PROBLEM REQUIREMENTS
Nothing in the entries may be altered; copy them in full.
==================================================
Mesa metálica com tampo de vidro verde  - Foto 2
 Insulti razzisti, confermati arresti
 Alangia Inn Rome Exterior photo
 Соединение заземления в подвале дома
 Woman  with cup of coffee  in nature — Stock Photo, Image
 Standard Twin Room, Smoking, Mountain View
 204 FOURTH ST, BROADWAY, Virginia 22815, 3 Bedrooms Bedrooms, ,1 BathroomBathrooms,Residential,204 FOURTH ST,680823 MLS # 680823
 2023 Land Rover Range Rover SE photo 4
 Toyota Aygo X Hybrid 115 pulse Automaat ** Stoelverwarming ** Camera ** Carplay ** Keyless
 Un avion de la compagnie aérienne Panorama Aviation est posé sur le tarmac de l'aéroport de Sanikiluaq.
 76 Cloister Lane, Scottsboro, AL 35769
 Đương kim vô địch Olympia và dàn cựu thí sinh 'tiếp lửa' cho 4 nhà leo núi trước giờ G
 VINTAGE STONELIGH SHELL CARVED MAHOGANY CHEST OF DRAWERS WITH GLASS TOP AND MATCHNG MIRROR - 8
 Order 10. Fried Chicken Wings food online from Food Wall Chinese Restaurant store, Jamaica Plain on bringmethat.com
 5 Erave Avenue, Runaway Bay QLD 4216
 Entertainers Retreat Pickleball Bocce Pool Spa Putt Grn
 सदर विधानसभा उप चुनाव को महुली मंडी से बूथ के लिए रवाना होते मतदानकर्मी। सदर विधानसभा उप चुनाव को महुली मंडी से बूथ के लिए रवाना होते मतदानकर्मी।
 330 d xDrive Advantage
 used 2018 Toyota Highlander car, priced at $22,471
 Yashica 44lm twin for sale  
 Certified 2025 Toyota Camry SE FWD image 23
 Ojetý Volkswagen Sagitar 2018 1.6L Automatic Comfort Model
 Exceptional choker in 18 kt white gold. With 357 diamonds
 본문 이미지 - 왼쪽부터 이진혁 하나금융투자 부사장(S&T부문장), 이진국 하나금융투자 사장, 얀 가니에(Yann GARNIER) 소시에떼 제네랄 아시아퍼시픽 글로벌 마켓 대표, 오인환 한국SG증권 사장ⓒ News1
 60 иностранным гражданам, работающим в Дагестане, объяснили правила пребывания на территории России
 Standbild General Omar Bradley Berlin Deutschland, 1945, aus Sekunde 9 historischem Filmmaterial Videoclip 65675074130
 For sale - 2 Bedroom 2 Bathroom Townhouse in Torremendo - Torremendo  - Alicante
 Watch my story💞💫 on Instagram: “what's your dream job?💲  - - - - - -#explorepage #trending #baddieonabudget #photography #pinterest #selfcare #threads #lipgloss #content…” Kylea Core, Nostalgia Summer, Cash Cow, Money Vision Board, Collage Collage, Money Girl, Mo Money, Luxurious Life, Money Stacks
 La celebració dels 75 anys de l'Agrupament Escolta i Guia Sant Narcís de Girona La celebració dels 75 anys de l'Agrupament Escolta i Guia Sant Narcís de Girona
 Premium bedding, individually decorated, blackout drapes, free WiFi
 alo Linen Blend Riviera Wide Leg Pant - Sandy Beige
==================================================
SOLUTION TO THE EXERCISE
Mesa metálica com tampo de vidro verde  - Foto 2
 Insulti razzisti, confermati arresti
 Alangia Inn Rome Exterior photo
 Соединение заземления в подвале дома
 Woman  with cup of coffee  in nature — Stock Photo, Image
 Standard Twin Room, Smoking, Mountain View
 204 FOURTH ST, BROADWAY, Virginia 22815, 3 Bedrooms Bedrooms, ,1 BathroomBathrooms,Residential,204 FOURTH ST,680823 MLS # 680823
 2023 Land Rover Range Rover SE photo 4
 Toyota Aygo X Hybrid 115 pulse Automaat ** Stoelverwarming ** Camera ** Carplay ** Keyless
 Un avion de la compagnie aérienne Panorama Aviation est posé sur le tarmac de l'aéroport de Sanikiluaq.
 76 Cloister Lane, Scottsboro, AL 35769
 Đương kim vô địch Olympia và dàn cựu thí sinh 'tiếp lửa' cho 4 nhà leo núi trước giờ G
 VINTAGE STONELIGH SHELL CARVED MAHOGANY CHEST OF DRAWERS WITH GLASS TOP AND MATCHNG MIRROR - 8
 Order 10. Fried Chicken Wings food online from Food Wall Chinese Restaurant store, Jamaica Plain on bringmethat.com
 5 Erave Avenue, Runaway Bay QLD 4216
 Entertainers Retreat Pickleball Bocce Pool Spa Putt Grn
 सदर विधानसभा उप चुनाव को महुली मंडी से बूथ के लिए रवाना होते मतदानकर्मी। सदर विधानसभा उप चुनाव को महुली मंडी से बूथ के लिए रवाना होते मतदानकर्मी।
 330 d xDrive Advantage
 used 2018 Toyota Highlander car, priced at $22,471
 Yashica 44lm twin for sale  
 Certified 2025 Toyota Camry SE FWD image 23
 Ojetý Volkswagen Sagitar 2018 1.6L Automatic Comfort Model
 Exceptional choker in 18 kt white gold. With 357 diamonds
 본문 이미지 - 왼쪽부터 이진혁 하나금융투자 부사장(S&T부문장), 이진국 하나금융투자 사장, 얀 가니에(Yann GARNIER) 소시에떼 제네랄 아시아퍼시픽 글로벌 마켓 대표, 오인환 한국SG증권 사장ⓒ News1
 60 иностранным гражданам, работающим в Дагестане, объяснили правила пребывания на территории России
 Standbild General Omar Bradley Berlin Deutschland, 1945, aus Sekunde 9 historischem Filmmaterial Videoclip 65675074130
 For sale - 2 Bedroom 2 Bathroom Townhouse in Torremendo - Torremendo  - Alicante
 Watch my story💞💫 on Instagram: “what's your dream job?💲  - - - - - -#explorepage #trending #baddieonabudget #photography #pinterest #selfcare #threads #lipgloss #content…” Kylea Core, Nostalgia Summer, Cash Cow, Money Vision Board, Collage Collage, Money Girl, Mo Money, Luxurious Life, Money Stacks
 La celebració dels 75 anys de l'Agrupament Escolta i Guia Sant Narcís de Girona La celebració dels 75 anys de l'Agrupament Escolta i Guia Sant Narcís de Girona
 Premium bedding, individually decorated, blackout drapes, free WiFi
 alo Linen Blend Riviera Wide Leg Pant - Sandy Beige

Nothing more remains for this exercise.